December 4, 2011 at 7:38 am
Hi,
I've been experiencing periodic SQL performance issue that leads to eventual timeout for our web visitor.
I set up a Profiler/Trace to monitor and find that it appears to very time patterned. The symptoms usually show up between 11am and 12pm (regardless of visitor volume)
I compare the trace data for a specific stored procedure to get the summarized results below:
Three "phases":
Typical - what we see most of the time - when things are "normal"
Failure - when delays and reads lead to timeouts. (I'm calling it failure but no actual SQL error)
TailOff - when delay eventually reduces but not normal and reads are still very high (usually after period of failure event)
Typical Disk Read Value is between 21,000 and 31,000 (typically low 20's)
Typical Duration - 200 and 700 milliseconds (typically in 200s)
Failure Disk Read Values - 1.6 million to 2.2 million
Failure Duration - 30,000 (times out web app)
Tail Off Disk Read Values - 1.6million
Tail Off Duration - 4,000 to 6,000
Friday I reset SQL Instance and after 1.5 hours high tail off and it went back to normal
Saturday -tail off lasted 1 hour and went back to normal itself.
I find no local jobs running on this server to account for interference and trace is only showing me when the performance problem occurs.
Normally I would assume the SP needs tuning (and maybe it does) but if that were the case, why wouldn't it perform badly all of the time? Same for tables, row counts, indexes - they're the same all of the time.
It seems like an "external" event is interfering and I'm wondering if anyone has any suggestions for tracking th source down.
Thanks
December 8, 2011 at 2:04 pm
you said you ran the profiler
since it runs everyday it is probably a sql job or external job hitting the database, run the t_sql tuning option or t sql in the profiler to see what else is running. It sounds like probably waiting on something else
December 8, 2011 at 2:11 pm
DoubleEx (12/4/2011)
Hi,I find no local jobs running on this server to account for interference and trace is only showing me when the performance problem occurs.

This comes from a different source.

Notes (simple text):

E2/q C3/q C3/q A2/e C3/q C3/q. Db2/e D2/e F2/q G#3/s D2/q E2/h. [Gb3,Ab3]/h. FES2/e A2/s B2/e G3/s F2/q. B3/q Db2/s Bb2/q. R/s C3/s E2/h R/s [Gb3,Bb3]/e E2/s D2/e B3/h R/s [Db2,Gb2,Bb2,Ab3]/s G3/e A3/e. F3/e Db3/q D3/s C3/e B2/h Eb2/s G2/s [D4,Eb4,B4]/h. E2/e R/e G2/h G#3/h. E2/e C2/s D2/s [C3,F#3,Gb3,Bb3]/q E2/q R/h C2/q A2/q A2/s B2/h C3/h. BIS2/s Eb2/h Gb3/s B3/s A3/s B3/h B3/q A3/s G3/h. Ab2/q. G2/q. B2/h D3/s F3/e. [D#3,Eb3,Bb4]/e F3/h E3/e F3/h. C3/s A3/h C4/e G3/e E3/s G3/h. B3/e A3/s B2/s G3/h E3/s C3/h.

Normally I would assume the SP needs tuning (and maybe it does) but if that were the case, why wouldn't it perform badly all of the time? Same for tables, row counts, indexes - they're the same all of the time.

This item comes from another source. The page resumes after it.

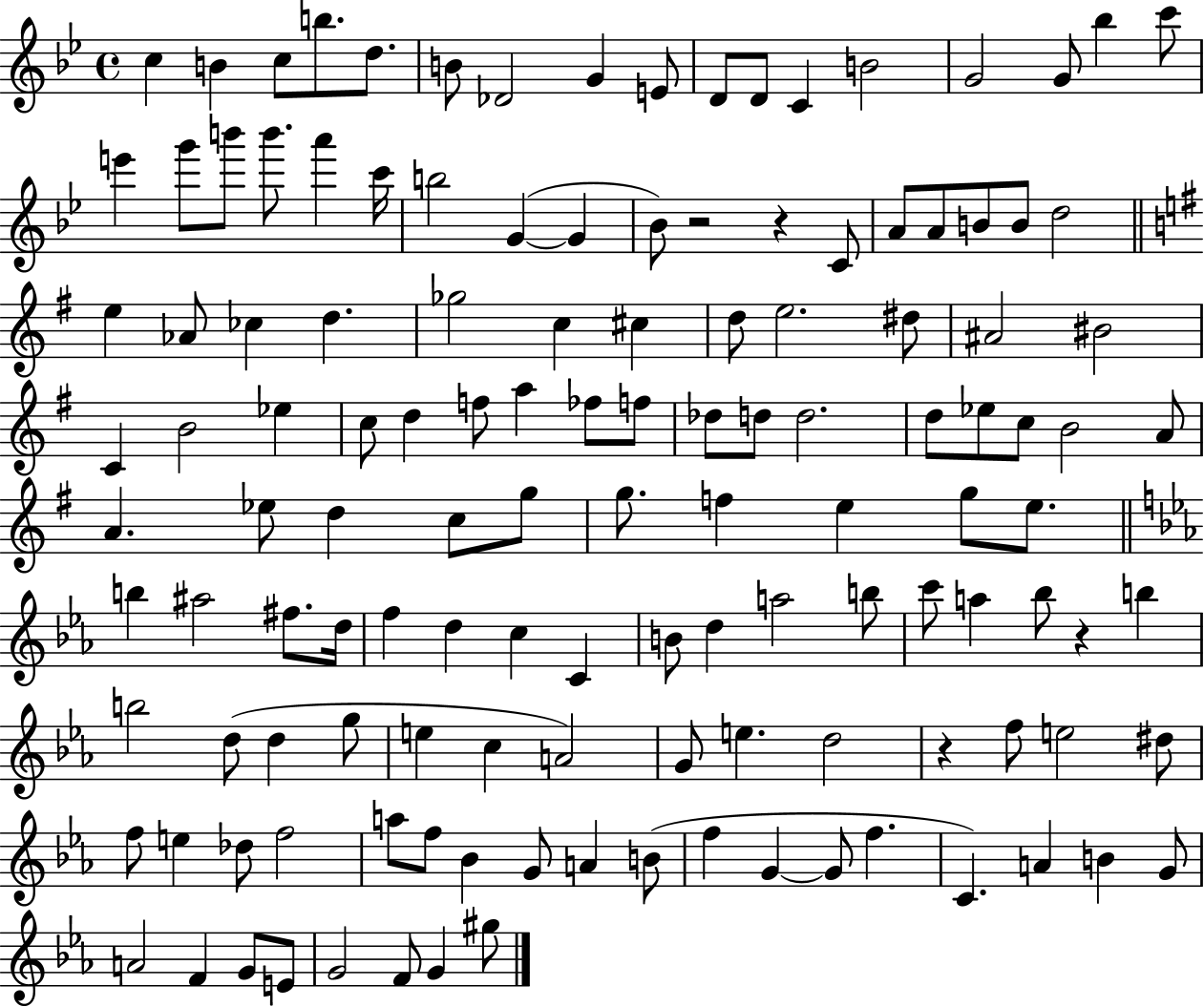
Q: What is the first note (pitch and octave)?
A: C5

It seems like an "external" event is interfering and I'm wondering if anyone has any suggestions for tracking th source down.
Thanks
I'd agree it's an external event, but it might not be completely external. It may be this query is a symptom of another query or even causing a problem, particularly in concurrency blocking.
Typical Disk Read Value is between 21,000 and 31,000 (typically low 20's)
Typical Duration - 200 and 700 milliseconds (typically in 200s)
Failure Disk Read Values - 1.6 million to 2.2 million
Failure Duration - 30,000 (times out web app)
Tail Off Disk Read Values - 1.6million
Tail Off Duration - 4,000 to 6,000
Friday I reset SQL Instance and after 1.5 hours high tail off and it went back to normal
Saturday -tail off lasted 1 hour and went back to normal itself.
Hm, this is interesting. You suddenly switch from an optimized plan in reads to a horeendous plan in reads. It sounds like you're swapping from a few seeks into a couple of scans. As you can imagine that's going to fail horribly.
Any chance you're capturing the xml showplans in the trace?
My guess is you end up getting a bad plan in cache during a recompile. Most likely due to bad parameter sniffing, at least that'd be the first culprit I'd start hunting.
Check out this blog post series by Gail Shaw:
http://sqlinthewild.co.za/index.php/2007/11/27/parameter-sniffing/
Never stop learning, even if it hurts. Ego bruises are practically mandatory as you learn unless you've never risked enough to make a mistake.
For better assistance in answering your questions[/url] | Forum Netiquette
For index/tuning help, follow these directions.[/url] |Tally Tables[/url]
Twitter: @AnyWayDBA
Viewing 3 posts - 1 through 2 (of 2 total)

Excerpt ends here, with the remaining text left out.